▸ **WHAT TO DO**: Make an exact copy of the entries, and keep any pictures out of it.

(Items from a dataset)
═══

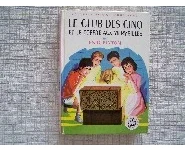 Le club des cinq et le coffre aux mervei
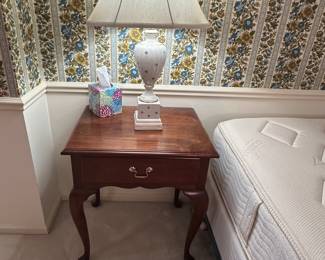 1 of 2 end tables and lamps available 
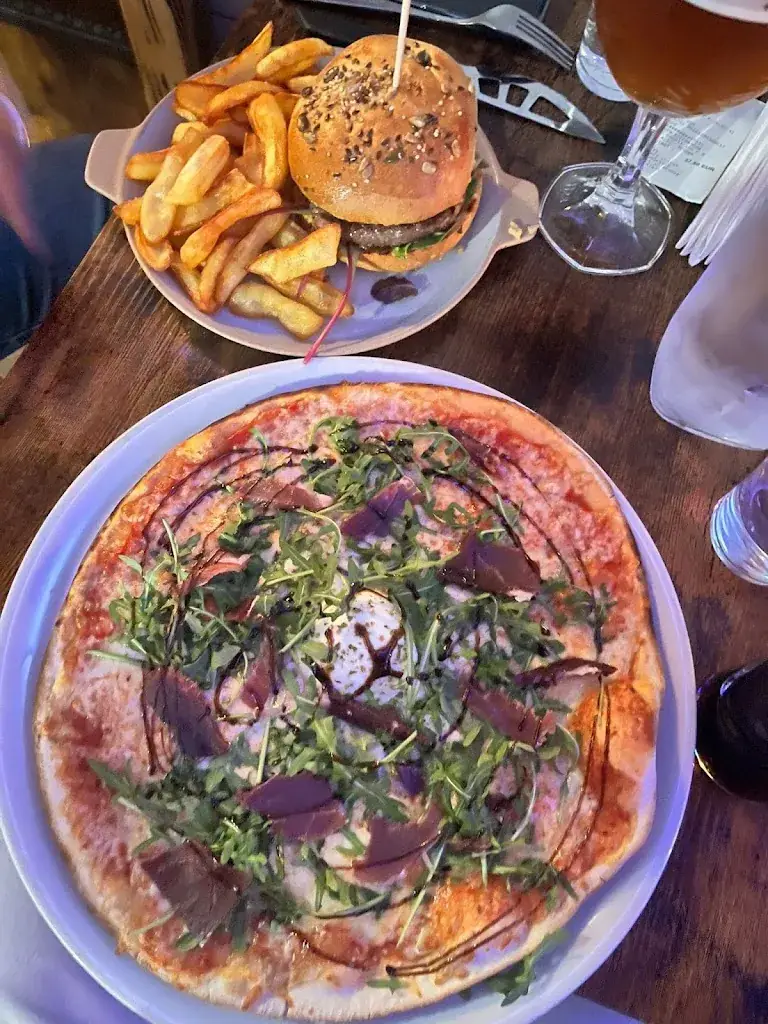 Liz Soria Giovannini_The White Lounge_Sainte-Foy-Tarentaise_review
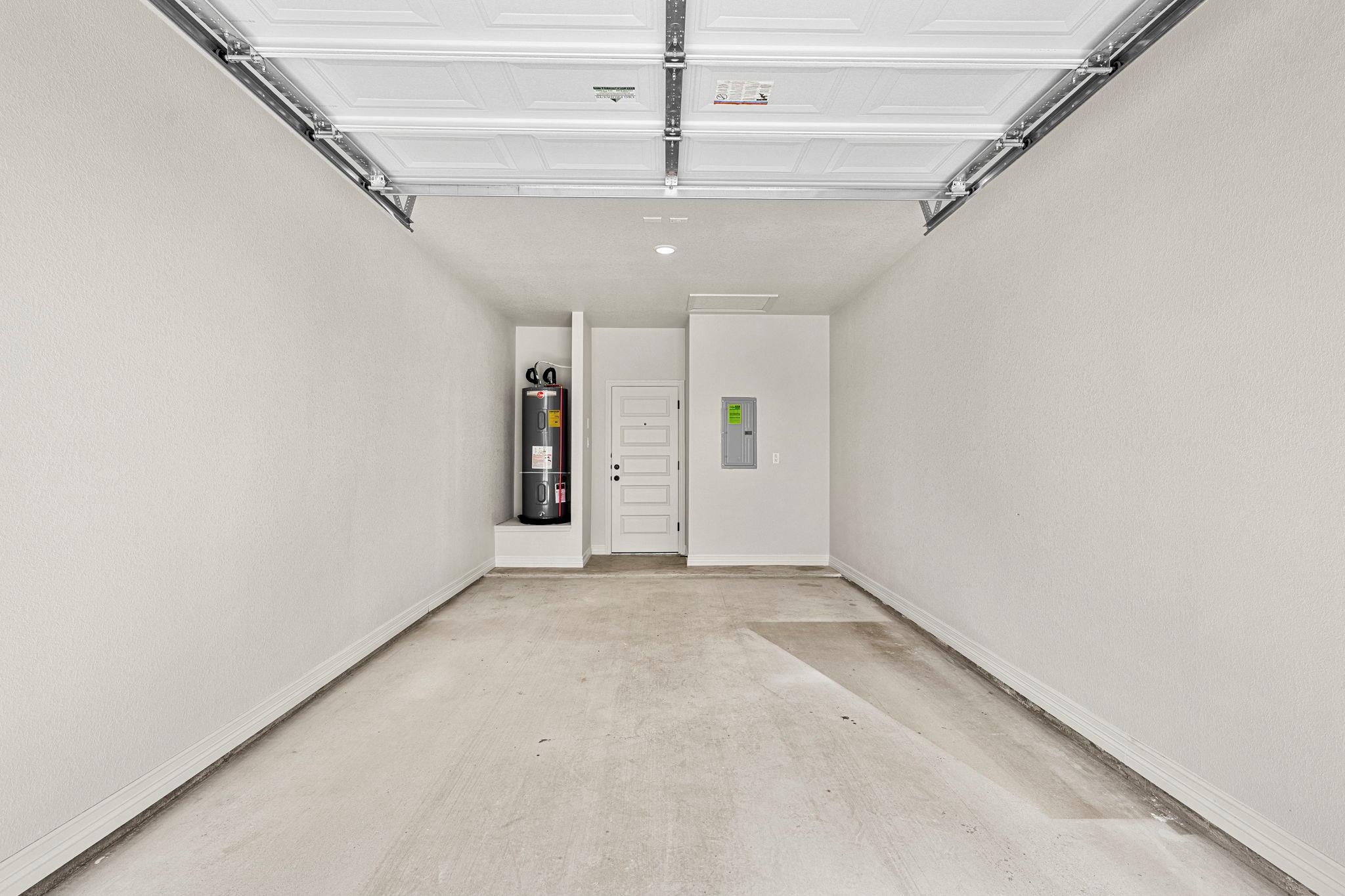 1213 Lone Pine WAY
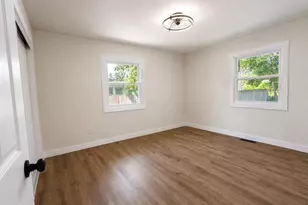 414 Holly Rd, Michigan City, IN 46360 - Photo 20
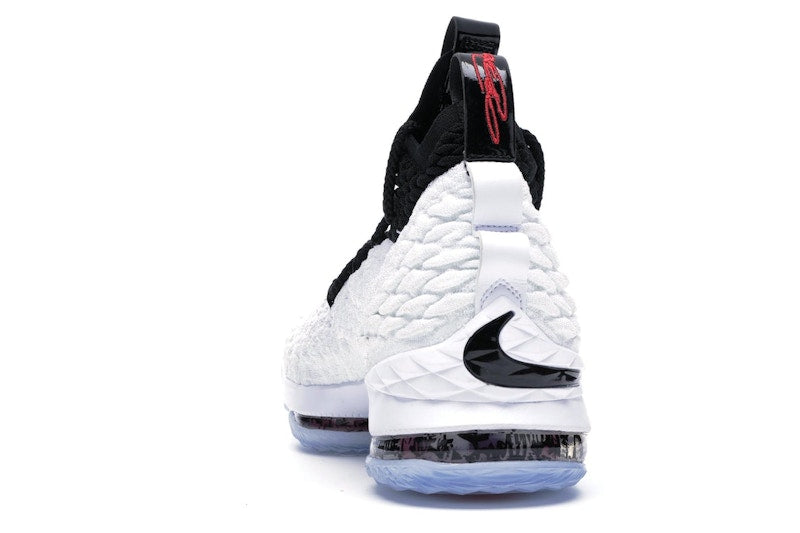 Nike LeBron 15 Graffiti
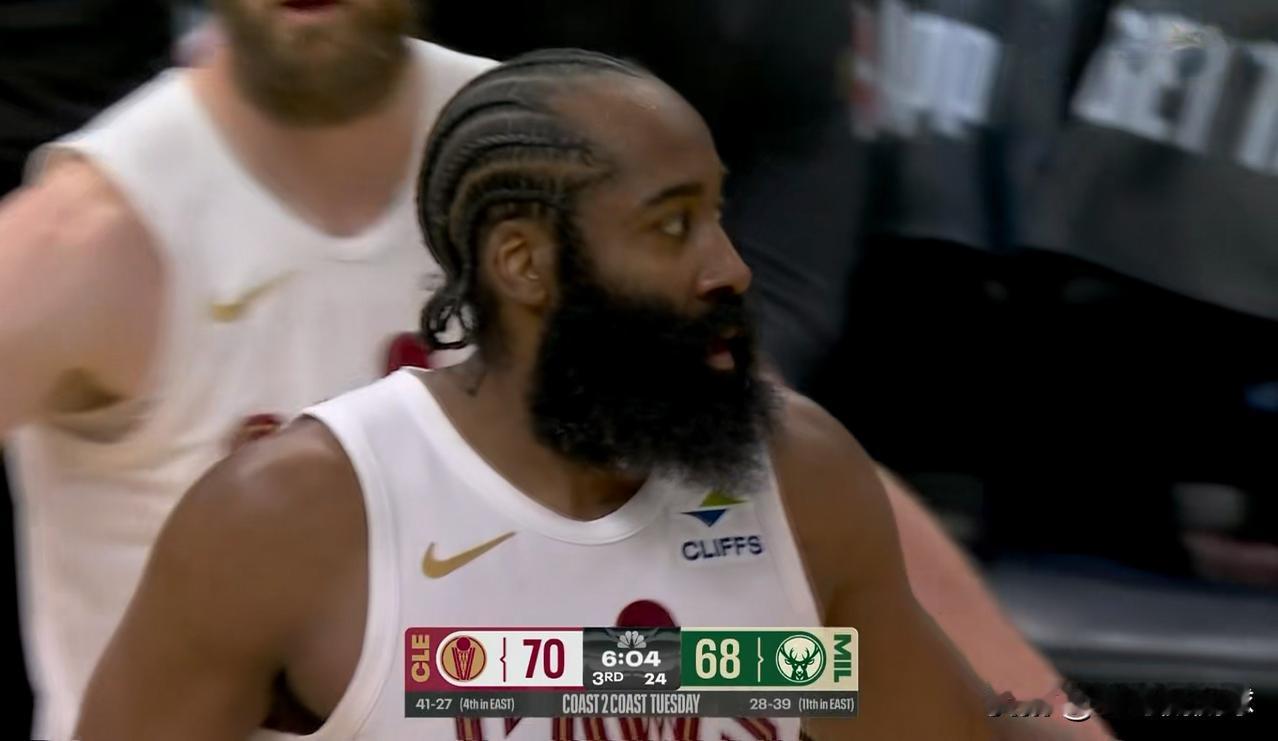 骑士巨星哈登真是太不喜欢刷分了！在今天骑士客场以123：116战胜雄鹿的比赛中，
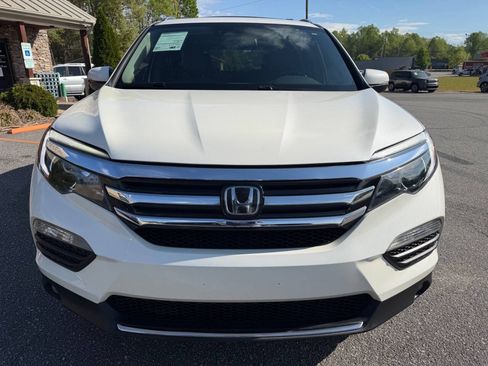 Used 2017 Honda Pilot Elite image 4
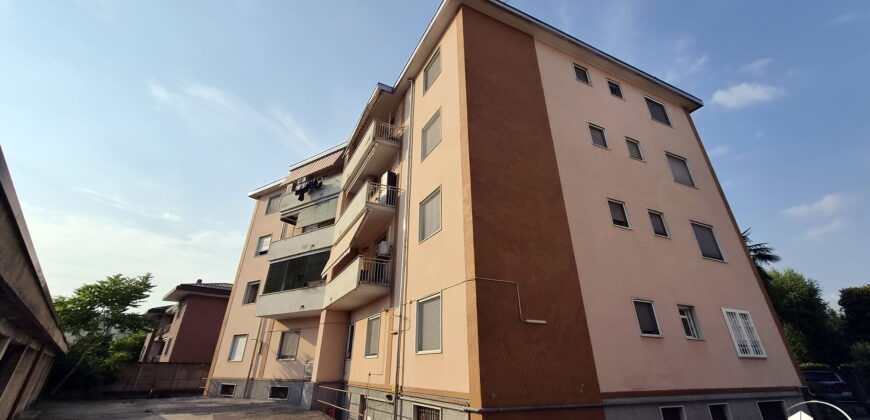 Rif. B038 – RHO – Via Arrigo Boito, 8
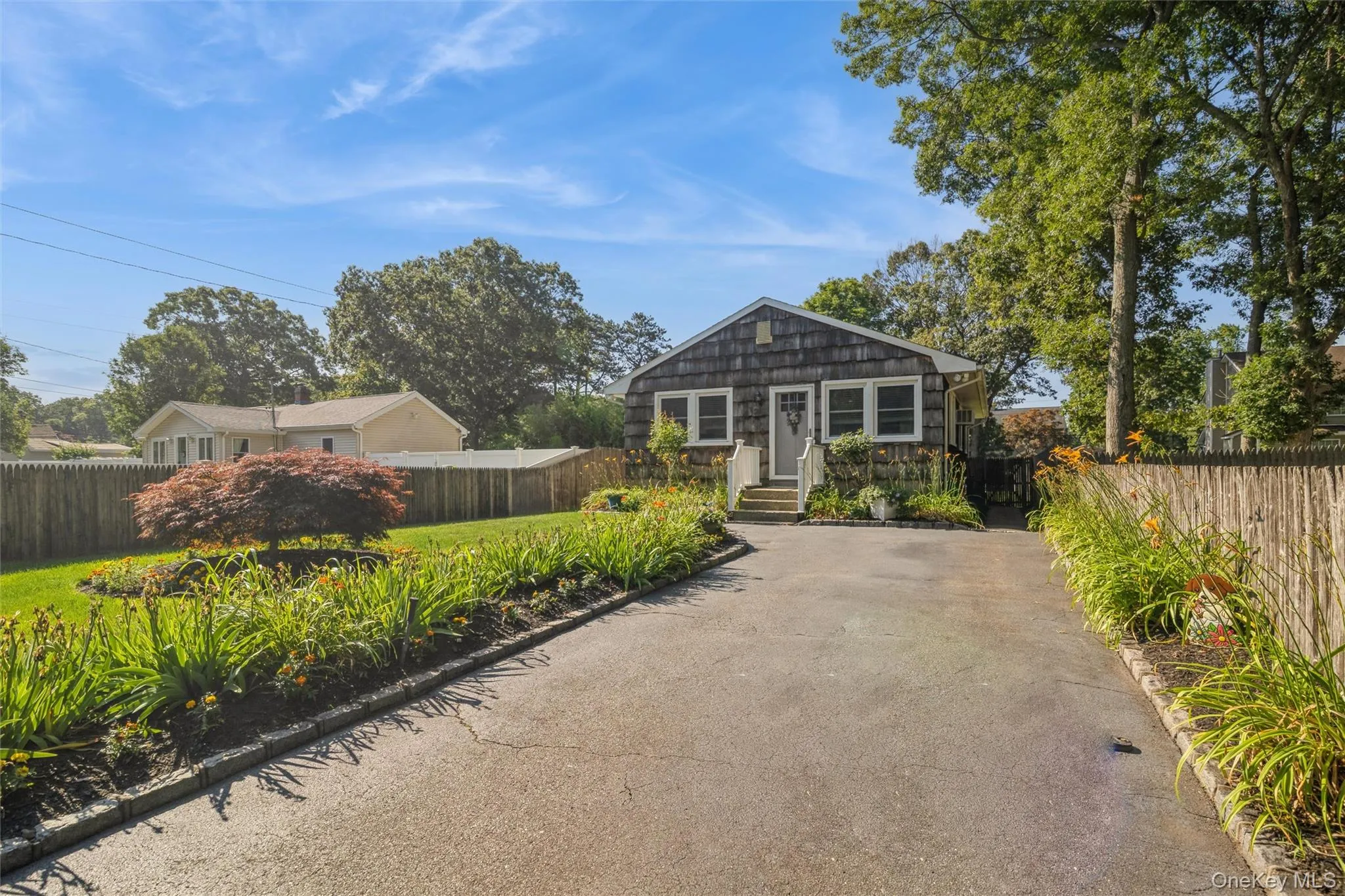 12 Oak Street, Brookhaven, NY, 3 Bedrooms Bedrooms, 7 Rooms Rooms,2 BathroomsBathrooms,Residential,For Rent,Oak,0,1022476 12 Oak Street, Brookhaven, NY, 3 Bedrooms Bedrooms, 7 Rooms Rooms,2 BathroomsBathrooms,Residential,For Rent,Oak,0,1022476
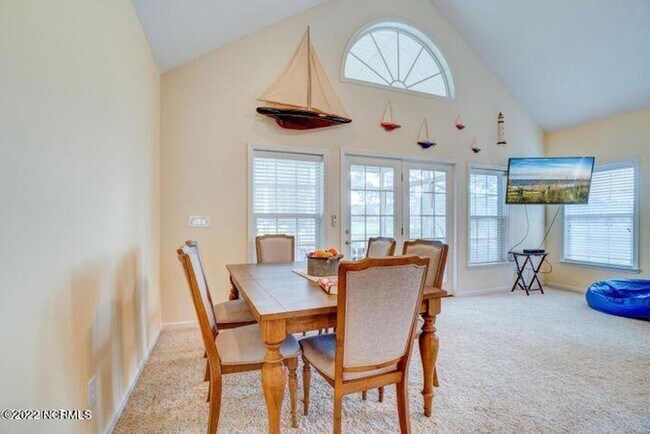 Building Photo - BEAUTIFUL BRICK HOME IN BRUNSWICK PLANTATION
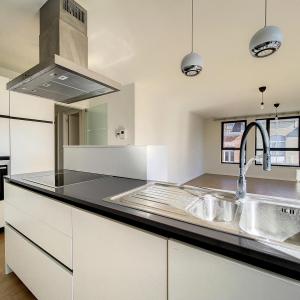 Triomphe : Bel appartement 2 chambres un immeuble récent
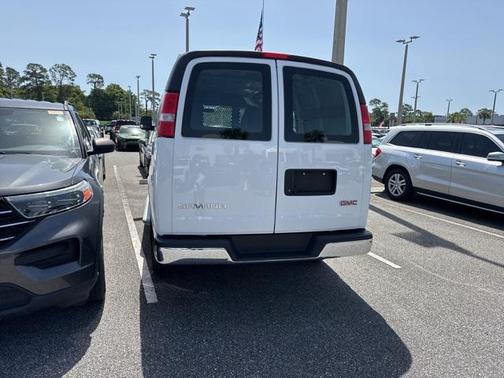 2022 GMC Savana 2500 Work Van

═══

▸ **SOLUTION TO THE PROBLEM**:
 Le club des cinq et le coffre aux mervei
 1 of 2 end tables and lamps available 
 Liz Soria Giovannini_The White Lounge_Sainte-Foy-Tarentaise_review
 1213 Lone Pine WAY
 414 Holly Rd, Michigan City, IN 46360 - Photo 20
 Nike LeBron 15 Graffiti
 骑士巨星哈登真是太不喜欢刷分了！在今天骑士客场以123：116战胜雄鹿的比赛中，
 Used 2017 Honda Pilot Elite image 4
 Rif. B038 – RHO – Via Arrigo Boito, 8
 12 Oak Street, Brookhaven, NY, 3 Bedrooms Bedrooms, 7 Rooms Rooms,2 BathroomsBathrooms,Residential,For Rent,Oak,0,1022476 12 Oak Street, Brookhaven, NY, 3 Bedrooms Bedrooms, 7 Rooms Rooms,2 BathroomsBathrooms,Residential,For Rent,Oak,0,1022476
 Building Photo - BEAUTIFUL BRICK HOME IN BRUNSWICK PLANTATION
 Triomphe : Bel appartement 2 chambres un immeuble récent
 2022 GMC Savana 2500 Work Van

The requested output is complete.